[Exercise aim] Among the lines below, return each one that contains the word "Photo".

[Provided data]
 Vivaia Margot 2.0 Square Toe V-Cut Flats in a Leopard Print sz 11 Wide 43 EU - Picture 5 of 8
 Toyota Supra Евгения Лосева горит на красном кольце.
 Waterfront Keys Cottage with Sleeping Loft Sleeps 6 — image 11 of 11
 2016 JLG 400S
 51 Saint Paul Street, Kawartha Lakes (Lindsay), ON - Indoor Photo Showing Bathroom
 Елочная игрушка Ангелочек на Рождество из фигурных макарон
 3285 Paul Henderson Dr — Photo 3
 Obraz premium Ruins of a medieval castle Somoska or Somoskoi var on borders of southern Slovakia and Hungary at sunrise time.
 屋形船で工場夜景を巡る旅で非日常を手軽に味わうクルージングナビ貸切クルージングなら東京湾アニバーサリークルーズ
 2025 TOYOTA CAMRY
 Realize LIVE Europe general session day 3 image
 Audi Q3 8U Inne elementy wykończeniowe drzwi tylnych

[Problem solution]
 51 Saint Paul Street, Kawartha Lakes (Lindsay), ON - Indoor Photo Showing Bathroom
 3285 Paul Henderson Dr — Photo 3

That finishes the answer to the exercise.